‘U zit op mijn plaats’, zeg ik tegen de man die op mijn plaats zit, zowel
links als rechts geflankeerd door twee kleinzoons.
‘Hoe bedoelt u?’
‘Dat u op mijn vaste plaats zit.’
‘Eens kijken dan, nee hoor, 15, 16, 18, 19 …’
‘Maakt ook niet uit’, zeg ik en ik ga drie plaatsen verder richting Duitsland
zitten.
Even later bevestigt de man dat hij inderdaad op mijn plaats zit. Geen
probleem.
***
‘Ik hoef toch niet op m’n woorden te letten vandaag?’,
vraagt de man achter me gekscherend als ik me heb genesteld in het stoeltje drie
plaatsen verder richting Duitsland dan normaal. Zit ik voor een keer niet op m’n
eigen plaats en word ik verdomme voor het eerst in al die jaren ontmaskerd als
VVV-blogger.
‘Nee’, zeg ik, ‘maak je geen zorgen, ik houd m’n oren dicht vandaag.’
***
‘Het zou wel terecht zijn als het gelijk zou blijven’,
zegt de Man Schuin Achter Me, die dezelfde Man Schuin Achter Me is als de Man
Schuin Achter Me op mijn vaste plaats. De Man Schuin Achter Me heeft gelijk.
Maar wat kan het mij focking bommen of het terecht is of niet als VVV alsnog zou
winnen? Linksom of rechtsom, mooi of lelijk, terecht of onterecht: maakt
allemaal niet uit, als ze maar winnen! Duidelijk? Overigens eindigt de
wedstrijd in een terecht gelijkspel.
***
‘Ik weet al waarover je gaat schrijven’, zegt de man
achter me als de man aan wie dit blog zijn naam ontleent, Mikan Jovanovic, tijdens
de rust een ereronde maakt. Mikan, the one and only Mikan, lijdt aan de
ziekte van Alzheimer, ‘waardoor zijn gezondheid hard achteruit gaat’, aldus de
website van VVV. Mikan lacht, Mikan
zwaait, Mikan geniet. Mikan, 76 inmiddels, perst er tot twee keer toe een
sprintje uit als in zijn beste dagen. Those were the days, my friend.
***
‘Ut haet lekker neet geraegend, hè?’, zegt de opa tegen z’n
kleinzoon terwijl ze samen d’n Berg afdalen.

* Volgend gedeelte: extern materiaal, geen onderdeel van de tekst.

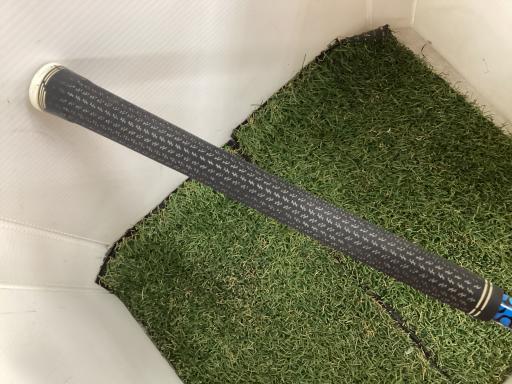 jhmf@eX@roddca`bjisntq@kdmfsgj@PODT°iCG[j@tr`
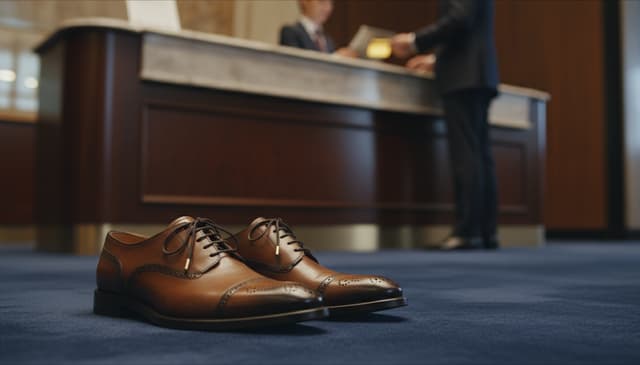 Boty obsługujące klientów premium: jak poprawić jakość wsparcia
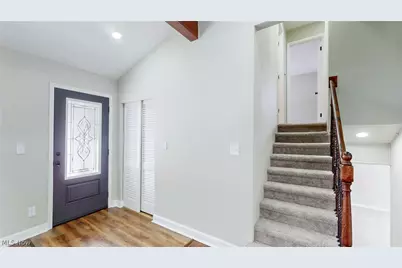 3312 Bancroft Road, Fairlawn, OH 44333 - Photo 34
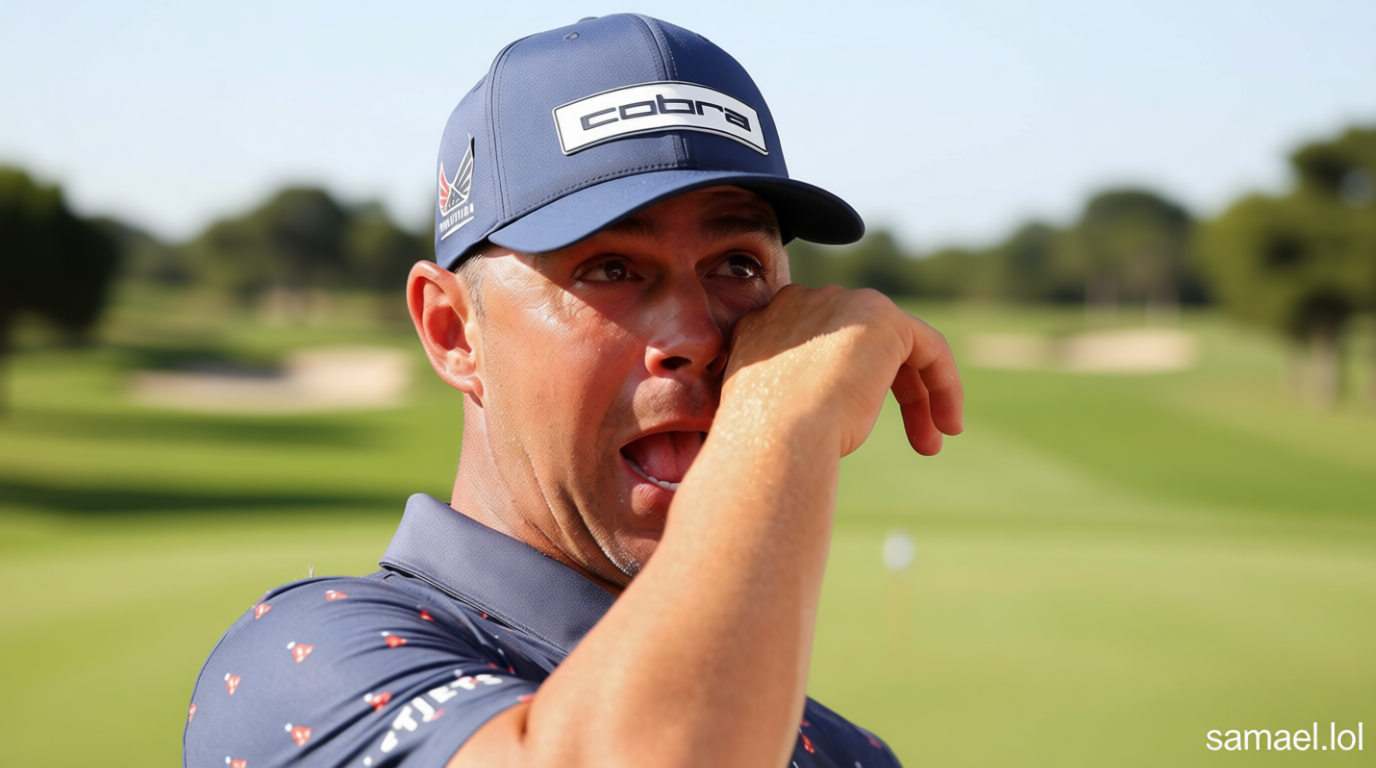 Emotional Woodland seals first win since brain surgery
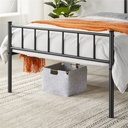 yaheetech-metal-bed-frame-with-headboard-footboard-twin-size-black-04-f8f86c11cfbc89fe36ad87104f3d9897.jpg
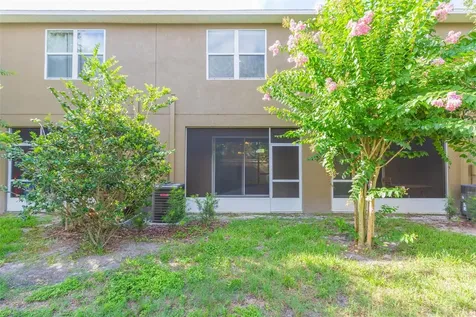 2208 Lennox Dale Lane Brandon FL 33510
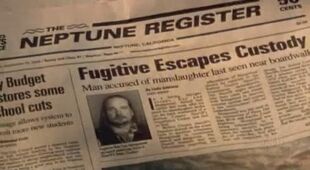 Neptune Register
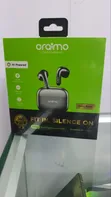 Oraimo Spacebuds Fit ANC Earbuds - 2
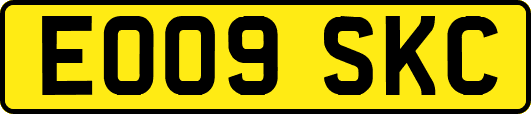 EO09SKC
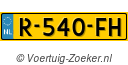 R540FH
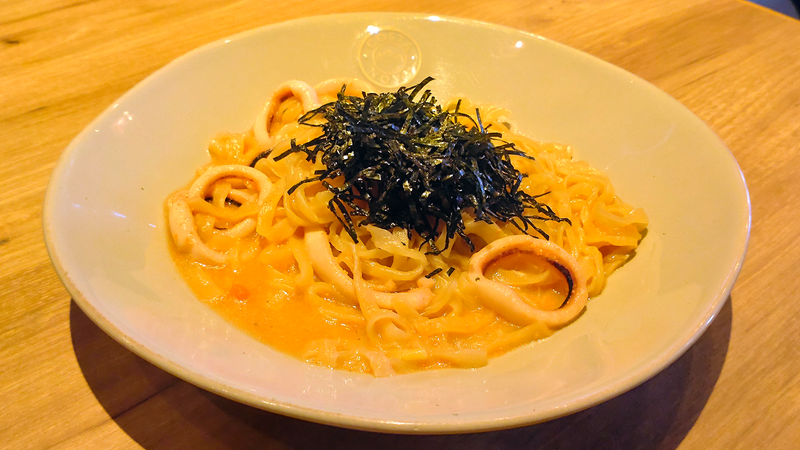 Italian Kitchen VANSAN 〈バンサン〉 相模大野店（相模原市南区相模大野）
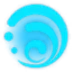 Hydro's icon
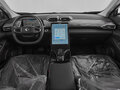 2025 Dongfeng Mage, белый, 2550000 рублей - вид 8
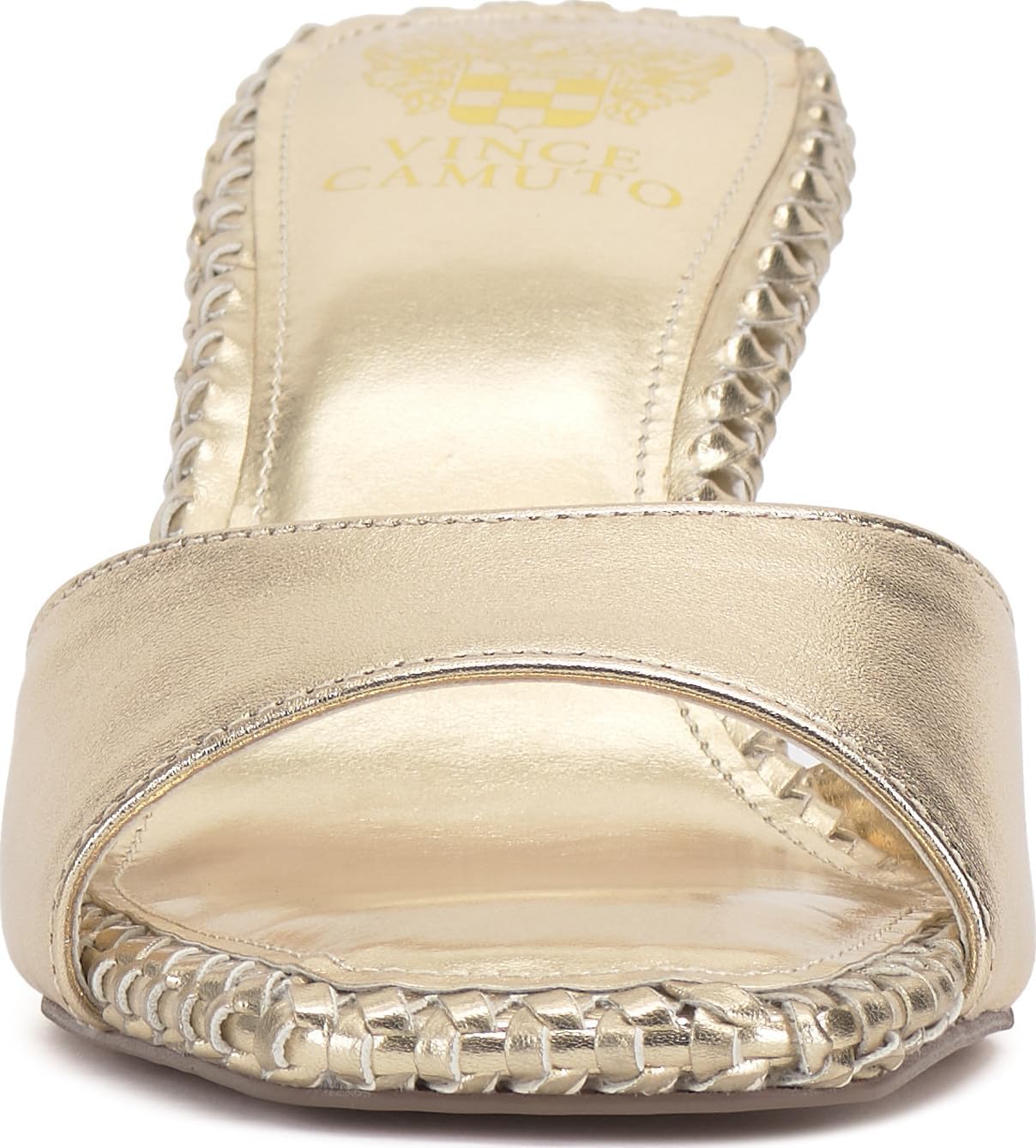 Vince Camuto Women's Emmla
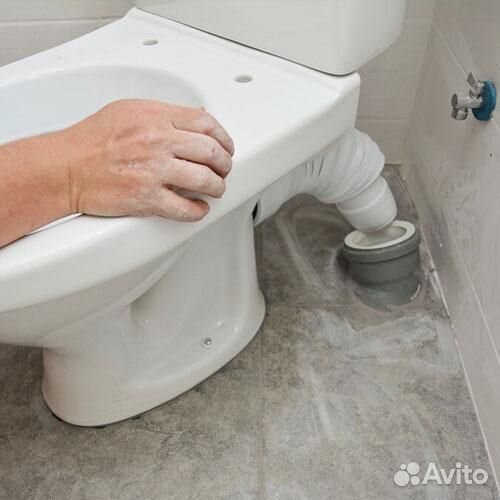 Набор и перевод текста с английского языка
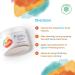 Sea Kind Fortify Cell Boosting Day Cream - Anti-Aging Face Cream for All Skin Types - 2 fl oz - Buy Online on SooperMarket.com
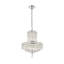 Lustre empire unique à 6 lumières Stinnett-32478867-32478870
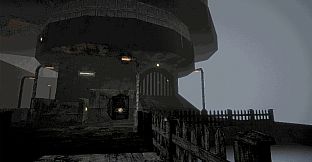 Fedanheim
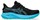 Asics GT-2000 13 Lite-Show 1011b953-001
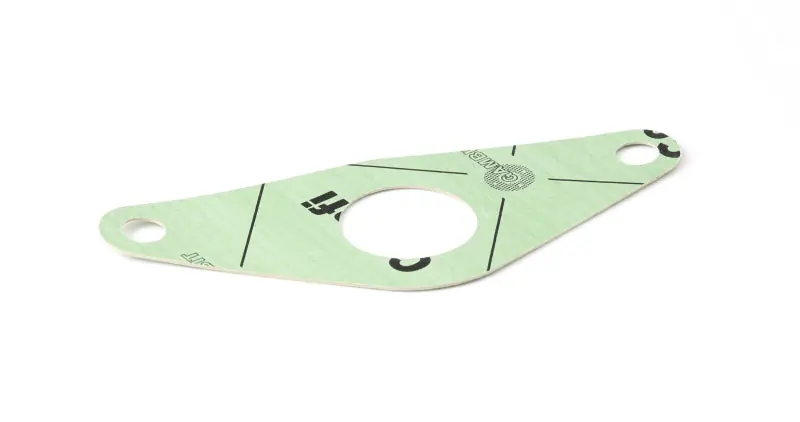 GFB Gasket for Response BOV (For gfbT9003 & gfbT9503) Luxury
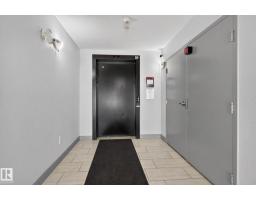 #205 11816 22 Av Sw, Edmonton, AB T6W2A2 Photo 12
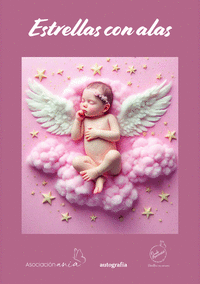 ESTRELLAS CON ALAS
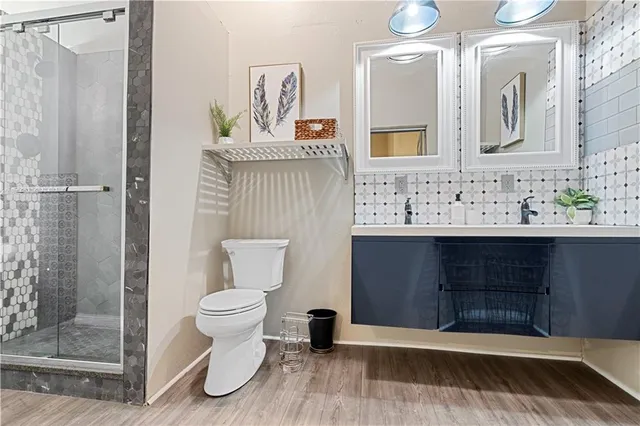 $520,000 | 19291 South St Charles Avenue, Loranger, LA 70446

‘Nae’, reageert de jongen.
‘Waat “nae”? “Jao”, zulste bedoele!’, verbetert opa hem.
Het restant van de afdaling richting station vraag ik me af
of opa wel gelijk heeft met die correctie. Maar zelfs als hij gelijk heeft: de
jongen kan ook hebben bedoeld dat hij het jammer vindt dat het niet heeft
geregend. Hoe dan ook heb ik het niet zo op opa’s die hun gelijk willen halen
ten koste van hun kleinzoon. Waarom maakte hij het de jongen ook zo moeilijk?
Waarom niet ‘Fijn daat ut d’n hiële wedstried druëg is gebleve, hè?’?
Dat opa over het weer begon tegen z’n kleinzoon valt opa dan
weer niet euvel te duiden: het weer was de uitblinker. Lauwwarm windje,
zonnetje, aangenaam temperatuurtje, fijne wolkjes. Spetterend wedstrijdje zou
het nog mooier hebben gemaakt, maar je kunt niet alles hebben en met een
gelijkspelletje is ook weinig mis. Het weertje stemt mildjes.